Letter of Panel of Experts on South Sudan established pursuant to Security Council resolution 2206 (2015)

Year of Publication
2016
Document Publisher/Creator
Payton Knopf, Andrews Atta-Asamoah, Andrei Kolmakov Ann Oosterlinck, Klem Ryan
Institution/organisation
United Nations
NGO associated?
Summary
In paragraph 12 (e) of its resolution 2290 (2016), the Security Council called upon the Panel of Experts on South Sudan to provide a report on the current security threats facing the Transitional Government of National Unity, and its need to maintain law and order in South Sudan, as well as provide further analysis of the role of transfers of arms and related materiel coming into South Sudan since the formation of the Transitional Government of National Unity (TGNU) with respect to the implementation of the Agreement on the Resolution of the Conflict in the Republic of South Sudan and threats to the United Nations Mission in South Sudan and other United Nations and international humanitarian personnel. Following the outbreak of large-scale fighting in Juba in early July 2016, the flight of the opposition leader, Riek Machar, from Juba and his subsequent arrival in Khartoum in late August, and the de facto collapse of the transitional government envisaged in the Agreement, the dynamics within South Sudan remain complex and fluid.
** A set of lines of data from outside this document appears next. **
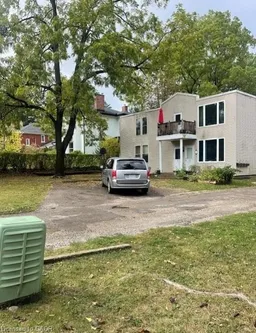 history photo preview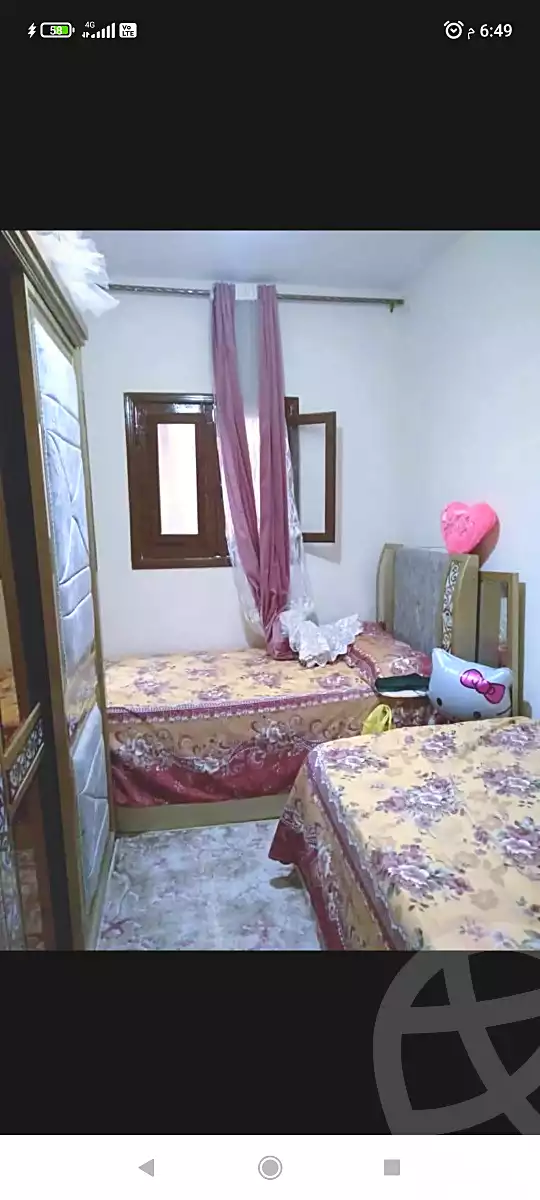 https://aqarmap.com.eg/en/listing/6959887-for-sale-alexandria-al-agamy-lbytsh-ibrahim-othman-st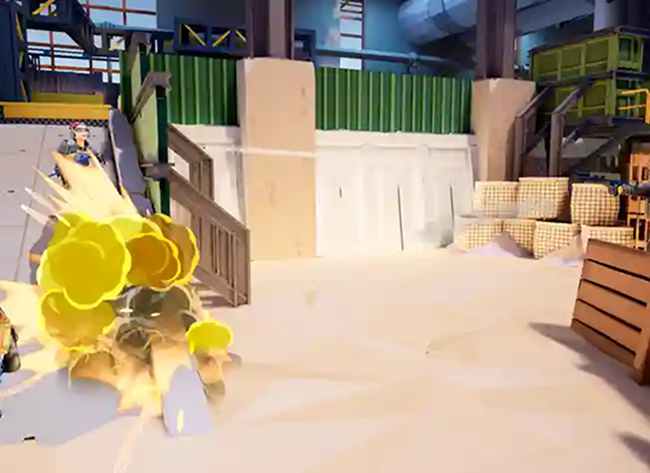 Factory explosion_11zon 1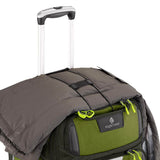 Eagle Creek Exploration Series Tarmac 26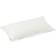 HoppeKids Coussin Winter Wonderland 11.8x25.6"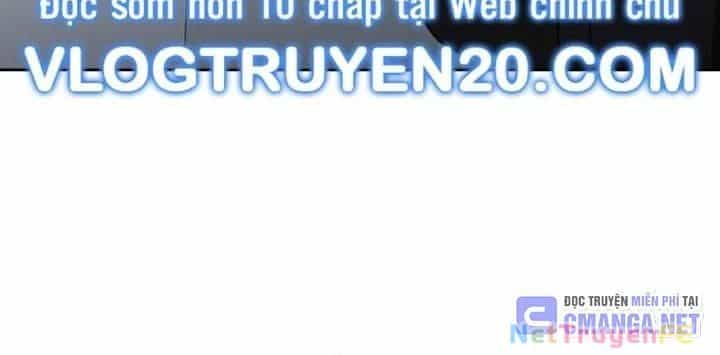 Sự Trở Lại Của Người Chơi Thiên Tài - Chương 32 - ảnh 111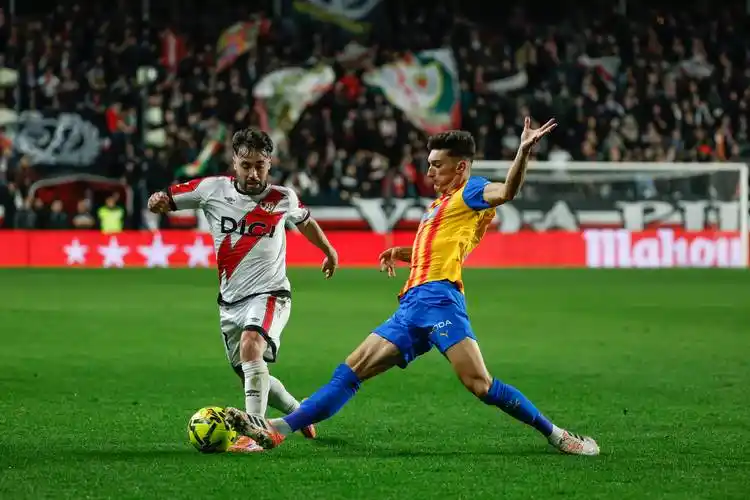 雨燕直播nba在线观看官网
The evidence gathered by the Panel suggests that the most severe security threats to TGNU and to the implementation of the Agreement are not external but internal to South Sudan, and primarily result from the actions and policies of the two major parties to the Agreement: the Sudan People’s Liberation Movement/Sudan People’s Liberation Army (SPLM/A) in Government, led by the President, Salva Kiir, and SPLM/A in Opposition, led by Riek Machar. These threats include the continued belligerence of SPLM/A in Government and SPLM/A in Opposition; the intensification of the tribal undercurrent of the conflict; the collapse of the economy; and the continuing importation of arms and related materiel. In addition, the evidence obtained by the Panel suggests that threats against the United Nations and international humanitarian personnel are increasing in scope, number and degree of brutality, in a context in which senior figures of the Government, including Salva Kiir, are intensifying their rhetoric against and hostility towards the United Nations, regional bodies and the broader international community.